# Hip Dysplasia - What you would do/have been told to do?



## funshine (Jan 21, 2010)

Hello:smile:

I have a rescue puppy from local rescue, Ponyo, estimated age 9 months advertized as Lab/Terrier(Pit bull) mix. My husband and I adopted her in September and she’s absolutely a lover <3. She's doing great on raw (we never got kibble to the house for her) and doesn’t have that horrible smell anymore from crappy food like she did during detox.

Wookie (our first dog) and Ponyo get along really well and keep each other company during work days. However last week Ponyo was diagnosed to have hip dysplasia and scared the whole family. She got a little more free running than normally, even started limping in the run, and made me freak out. Our vet seems to know his stuff very well, except he seems to have no idea about raw diet. We got the following “prescription” I’m planning to follow, but would just like to make sure that this is not overkill:
- Ester-C 500mg twice a day for 30days then once daily
- Glucosamine-Condroton with MSN 500mg twice daily
- ¾ of a Bayer asprin if needed (always with food)

For a couple of days she’s got 1000mg of glucosamine, but only 500mg of vitamin C. I’m little worried how she’ll stomachs all this. We’ve seen some loose stools and don’t know if we should increase bone intake… She has to lose 2 lbs. (I know, bad parenting… I feel so horrible about especially this part :frown: ) so we’ve cut back on her food, but adding bone would put her heavily on chicken (I’d like to feed her more muscle meat since the larger variety).

So I would highly appreciate everyone’s comment on the prescription; Good? Bad? Common among hip dysplasia dogs? Too much/little something?

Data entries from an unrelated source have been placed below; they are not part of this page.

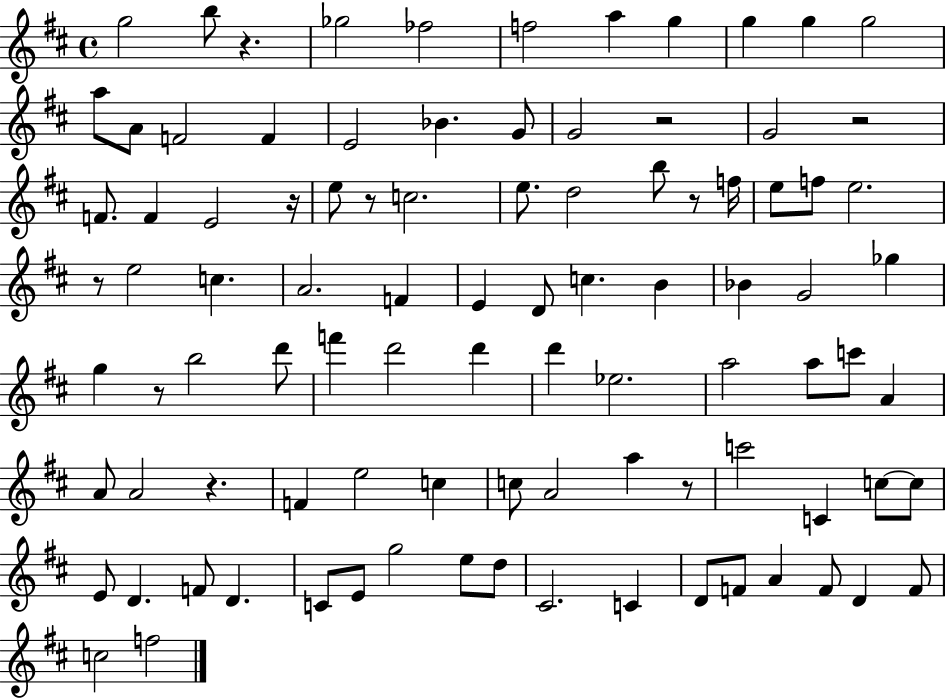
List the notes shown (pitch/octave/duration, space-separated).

G5/h B5/e R/q. Gb5/h FES5/h F5/h A5/q G5/q G5/q G5/q G5/h A5/e A4/e F4/h F4/q E4/h Bb4/q. G4/e G4/h R/h G4/h R/h F4/e. F4/q E4/h R/s E5/e R/e C5/h. E5/e. D5/h B5/e R/e F5/s E5/e F5/e E5/h. R/e E5/h C5/q. A4/h. F4/q E4/q D4/e C5/q. B4/q Bb4/q G4/h Gb5/q G5/q R/e B5/h D6/e F6/q D6/h D6/q D6/q Eb5/h. A5/h A5/e C6/e A4/q A4/e A4/h R/q. F4/q E5/h C5/q C5/e A4/h A5/q R/e C6/h C4/q C5/e C5/e E4/e D4/q. F4/e D4/q. C4/e E4/e G5/h E5/e D5/e C#4/h. C4/q D4/e F4/e A4/q F4/e D4/q F4/e C5/h F5/h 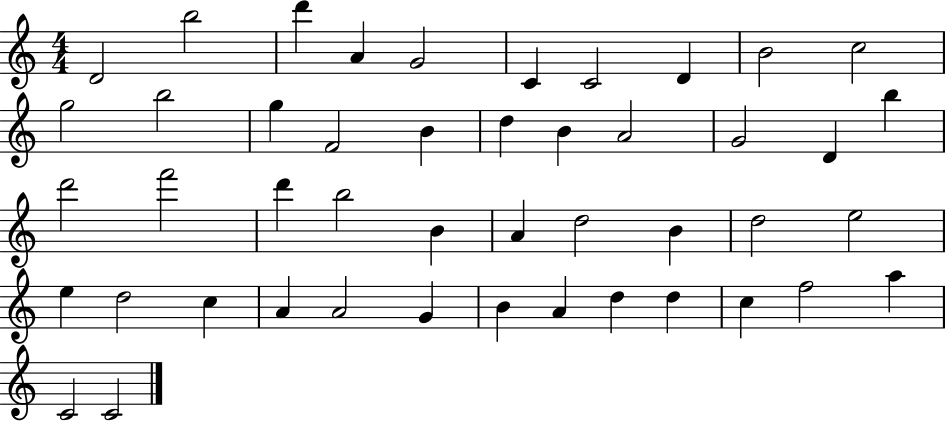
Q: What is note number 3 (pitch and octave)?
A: D6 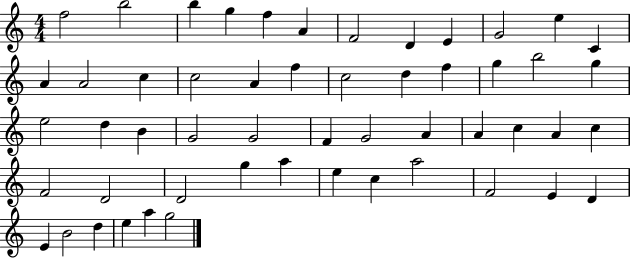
F5/h B5/h B5/q G5/q F5/q A4/q F4/h D4/q E4/q G4/h E5/q C4/q A4/q A4/h C5/q C5/h A4/q F5/q C5/h D5/q F5/q G5/q B5/h G5/q E5/h D5/q B4/q G4/h G4/h F4/q G4/h A4/q A4/q C5/q A4/q C5/q F4/h D4/h D4/h G5/q A5/q E5/q C5/q A5/h F4/h E4/q D4/q E4/q B4/h D5/q E5/q A5/q G5/h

Sorry about not posting since we started Wookie on raw back in March; I’m a lurker. I love to read and learn, but somehow putting my own thoughts in writing takes forever. I’ll go an post a couple of pics of our girls though :smile:

Something kind of lighter and funnier for raw feeders at the end :biggrin:
The vet did ask what she eats and the conversation when pretty much like this (he has heard before that Wookie is on raw):
Vet:"So, what do you feed her?"
Me: “Oh, she on raw”
Vet:”Umh, this not any puppy raw or anything anymore?”
Me:”Oh no, she technically eats human grade meat, bones, and organs”
Vet:”Oh, okay. Well… she does look good so …let’s not change her diet whatever it is. Except these supplements (he mentioned).” “You know these grocery store foods…”
Me:”No worries, no ol’roy for my dogs.”
Vet:”And too much protein can be bad too.”
Me:”Yeah, meat is about 70% water” (couldn’t remember exact… but wanted to say something)
Vet changing a subject to comforting me one more time how her good muscle tone helps etc. it could be worse although her left hip popped like a balloon…
It's okay that he doesn't know, at least he's not trying to convince me to feed some SD (or even kibble in general).

Thanks for reading!


----------



## funshine (Jan 21, 2010)

Sorry forgot to mention her current weight. She 46.5 lbs. right now (and on her way losing a couple).

I can't take a decent picture of a black dog; most indoor ones are quite desperate, but I set up a folder "Wookie & Ponyo" if you want take a look.


----------



## RawFedDogs (Jun 16, 2008)

funshine said:


> However last week Ponyo was diagnosed to have hip dysplasia and scared the whole family.


Did he use x-ray to diagnose?



> We got the following “prescription” I’m planning to follow, but would just like to make sure that this is not overkill:
> - Ester-C 500mg twice a day for 30days then once daily


I'm not a fan of giving Vit-C to dogs as they manufacture their own and probably manufacture exactly what they need. However, try it and see what happens. I know when you give Vit-C, you need to do it as often as you can as excess if filtered out pretty quickly by kidneys.



> - Glucosamine-Condroton with MSN 500mg twice daily


I gave my Abby 1,500mg twice daily for a couple of years and couldn't tell any difference. I also took it when I had a bad hip and couldn't tell any difference. Again, try it and see what happens.



> - ¾ of a Bayer asprin if needed (always with food)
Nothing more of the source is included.